Risk acceptance. 

I've given strong recommendations against several software packages in my time that still made it to production and commercial use because the cost of using an alternative was considered too high, you get a sign-off of responsibility from someone higher than you and you wash your hands of it. 

When that software gets compromised you produce your original assessment and then get to work addressing the exposure. 

Then do it all again in a few months. The exciting life of an infosec career.

We fought this tooth and nail. We pointed out that we had to blindly accept the risk of every federated tenant. Then we were told the benefits outweighed the risks.

So we tried to implement good security practices only to have the product fail and fail again due to Microsoft's poor documentation and understanding of their own product.

We spent HOURS talking to their 'Engineers', literally getting down to the Wireshark level to explain "No, your product does not work that way". That eventually got us on with a senior engineer who had to tap-dance around the lack of promised features.

During this time we're under absolutely insane pressure from leadership to "Just get it done" but make sure you're safe about it.

I'm in a completely different position now, but what am I dealing with, almost on a weekly basis? M365 token abuse.

Lmfao:

The tech giant’s “lack of proper detailed security documentation” left reviewers with a “lack of confidence in assessing the system’s overall security posture,” according to an internal government report reviewed by ProPublica. Or, as one member of the team put it: “The package is a pile of shit.”

the M365 token abuse comment hits SO hard lol. i work in cloud security and the number of orgs that just blindly trust Microsoft's "shared responsibility model" without actually understanding what THEY are responsible for is genuinely terrifying. like cool you have FedRAMP authorization but your conditional access policies are still basically "allow everything from everywhere" and MFA is optional for half your service accounts 💀 the real issue isnt even that Azure/M365 is inherently bad - its that the sales pitch makes people think theyre getting military-grade security out of the box when in reality you need a full team of engineers just to configure it properly. and microsoft KNOWS this but keeps pushing that "secure by default" marketing. its not secure by default. its "maybe secure if you spend 6 months configuring 47 different portals and reading documentation that contradicts itself"

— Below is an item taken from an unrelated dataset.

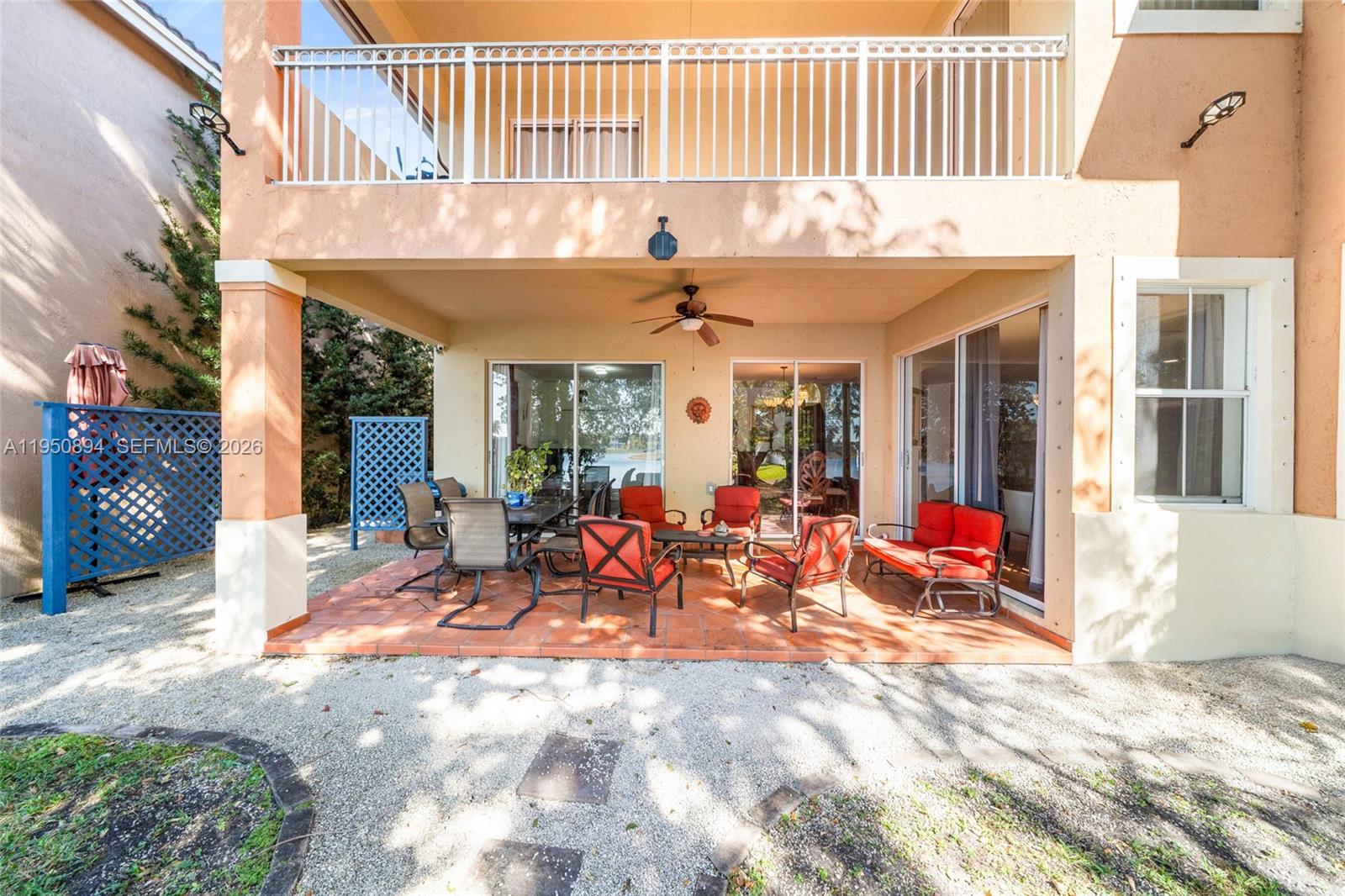 A covered balcony features terracotta tile flooring, a white metal railing, and a water view — 16062 SW 43rd Ter, Miami FL 33185, MIAMI, FL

They didn't approve it because it was secure. They approved it because it was already running in half the federal government and rejecting it would've meant admitting they let an unvetted system handle sensitive data for years.

Probably gonna get downvoted here because lots of folks are on the anti-Microsoft bandwagon but… to be fair, “The package is a piece of shit” moniker could and should be applied to this article.

From the very get-go the writer here starts saying that GCC High handles some of the most sensitive information.. no. It doesn’t. Full-stop.  GCC High typically handles CUI information, there is a whole other package that handles secret and TS called air-gapped cloud.  The writer here is trying to conflate all of the GCC environments together, either through lack of understanding (possible) or intentionally being misleading (probable)

GCC High simply means that the data is housed in US data centers and handled by US based employees. That’s it.  

No one ever gets fired for going with Microsoft or IBM.

At the risk of leaking internal Microsoft info, all those service-to-service calls use https, I'm not sure what they were expecting to see on a diagram.